▶ **Exercise instructions**
What should be copied is the stretch of entries below from the line with "Context-Free Grammar (CFG)" up to and including the line with "Lisa Gardner: Kiss Her Goodbye", exactly and without images.

▶ **Records shown**
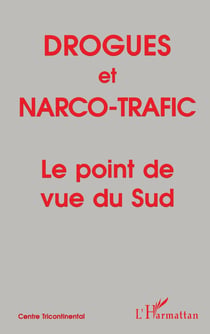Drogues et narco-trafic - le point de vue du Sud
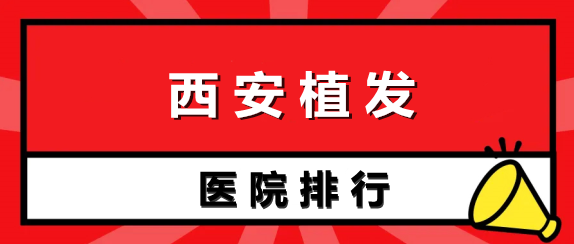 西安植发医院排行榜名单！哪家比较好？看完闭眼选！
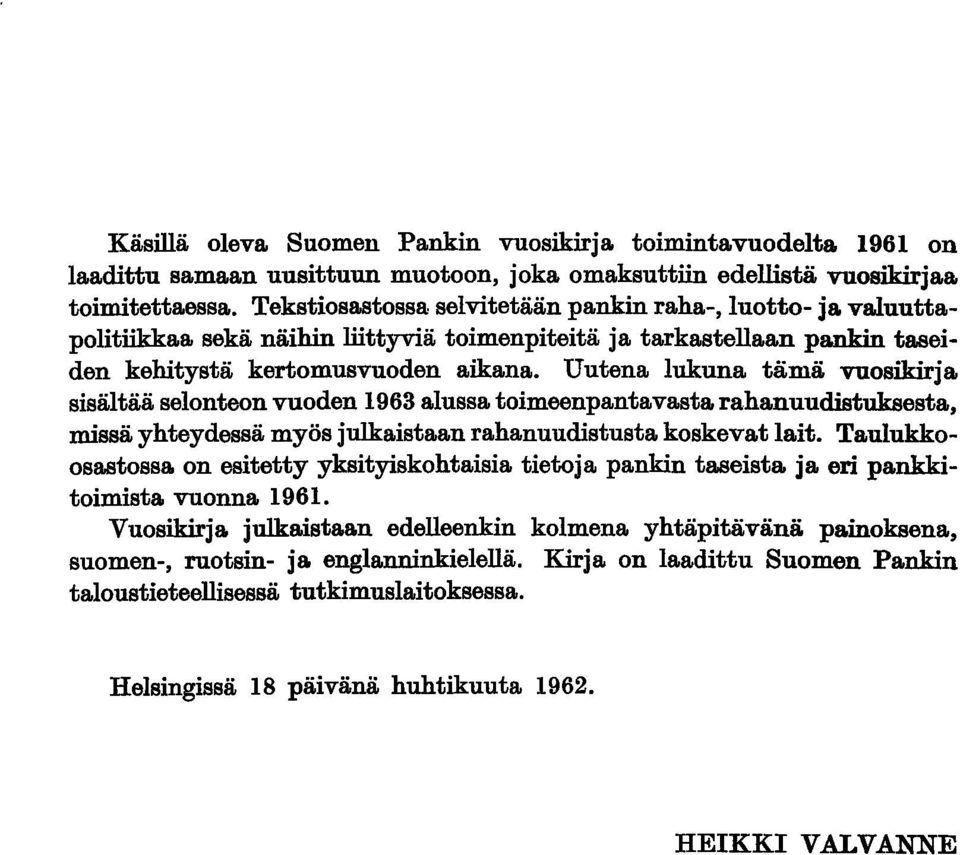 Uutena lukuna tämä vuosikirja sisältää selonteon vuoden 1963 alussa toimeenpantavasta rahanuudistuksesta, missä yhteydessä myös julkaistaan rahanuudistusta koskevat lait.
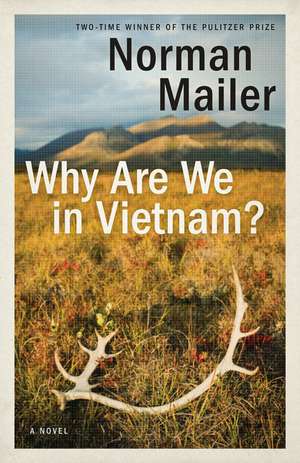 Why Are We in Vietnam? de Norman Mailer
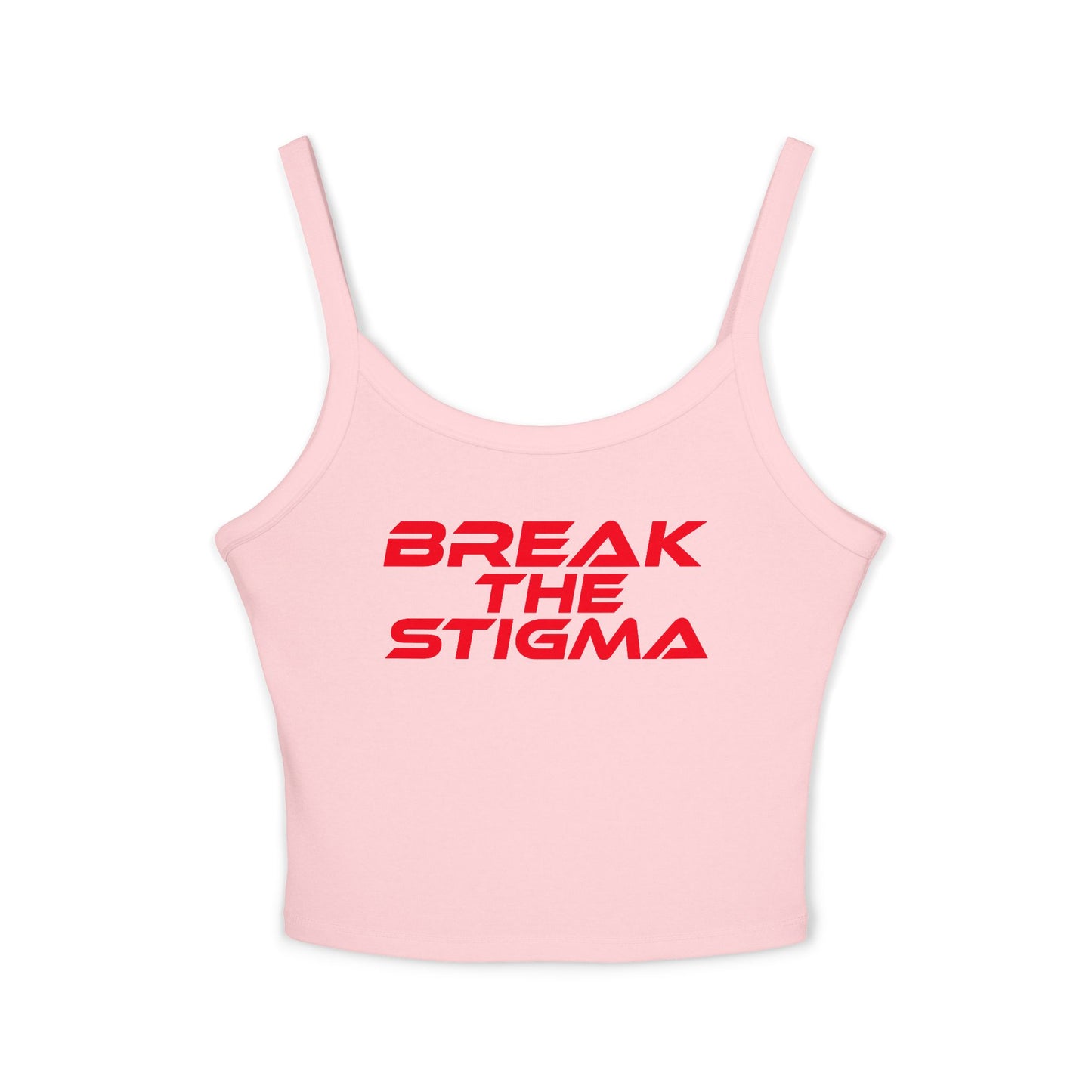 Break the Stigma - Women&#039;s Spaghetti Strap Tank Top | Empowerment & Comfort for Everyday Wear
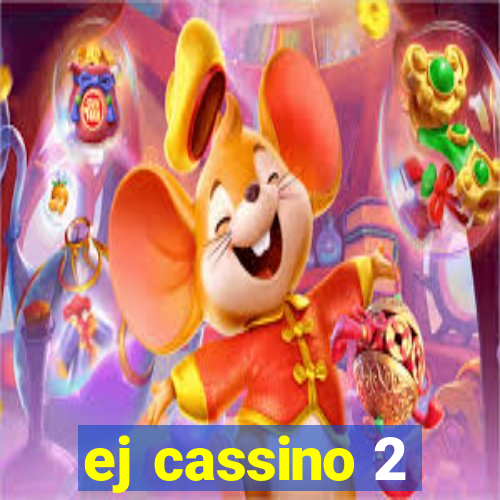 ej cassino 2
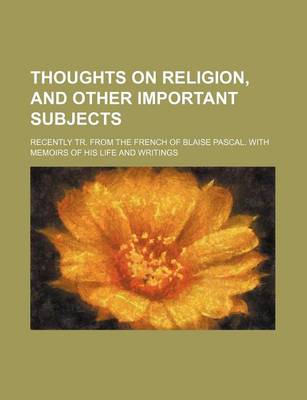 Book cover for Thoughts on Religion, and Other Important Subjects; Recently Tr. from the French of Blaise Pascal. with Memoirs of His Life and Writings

...

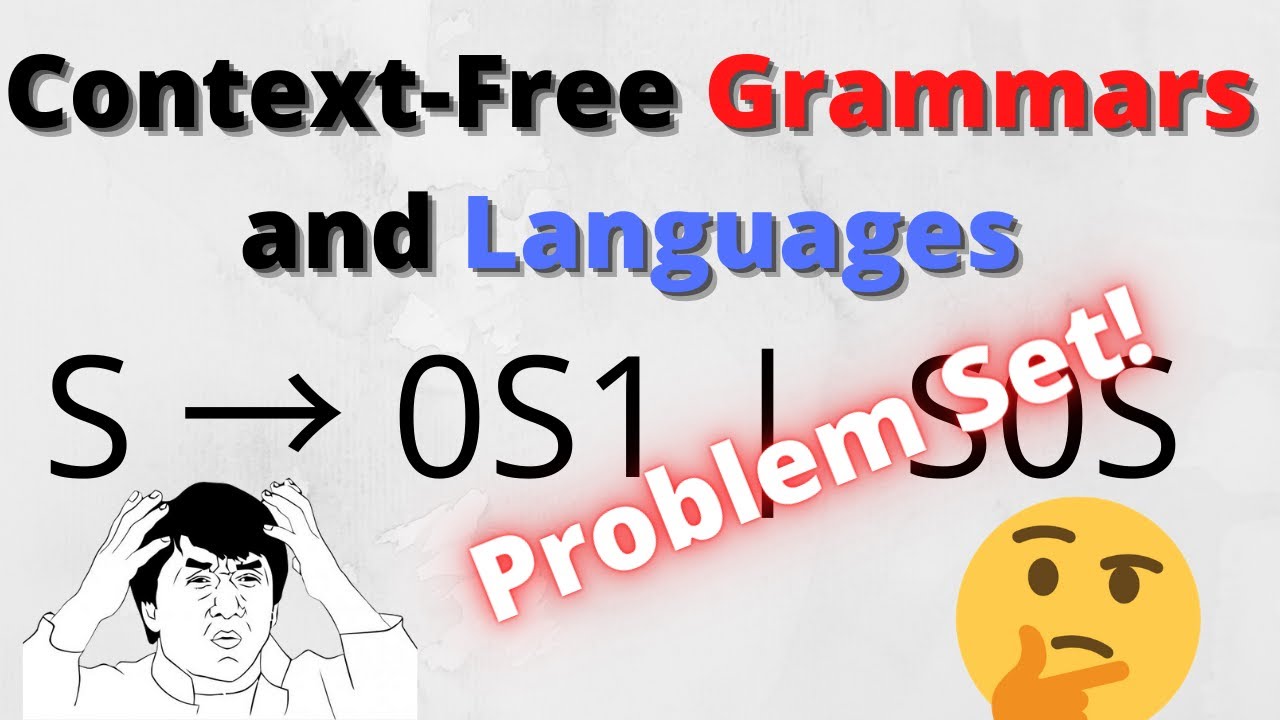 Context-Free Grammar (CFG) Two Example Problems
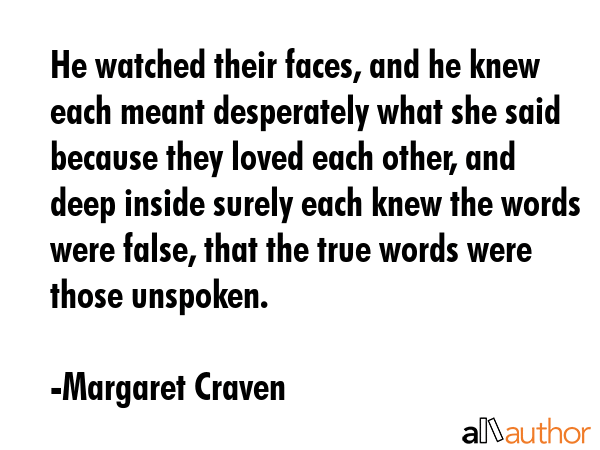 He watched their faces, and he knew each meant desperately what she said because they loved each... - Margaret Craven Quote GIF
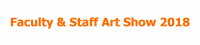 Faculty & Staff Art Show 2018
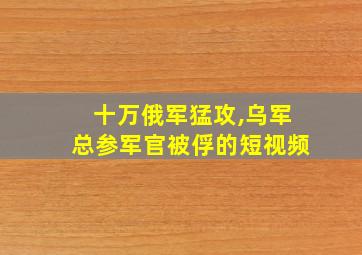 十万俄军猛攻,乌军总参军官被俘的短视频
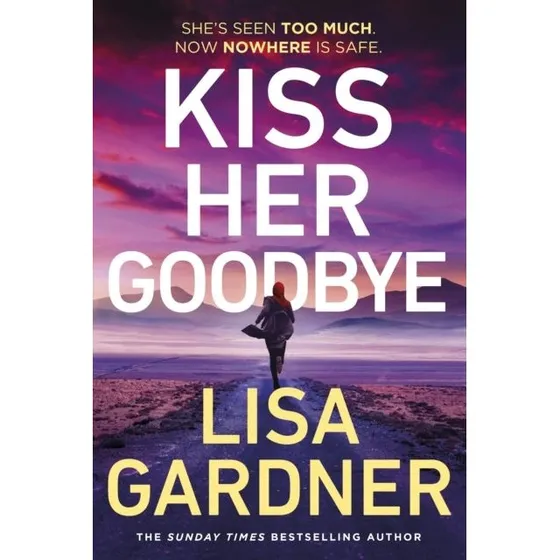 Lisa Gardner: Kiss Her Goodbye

▶ **Answer section**
 Context-Free Grammar (CFG) Two Example Problems
 He watched their faces, and he knew each meant desperately what she said because they loved each... - Margaret Craven Quote GIF
 Faculty & Staff Art Show 2018
 十万俄军猛攻,乌军总参军官被俘的短视频
 Lisa Gardner: Kiss Her Goodbye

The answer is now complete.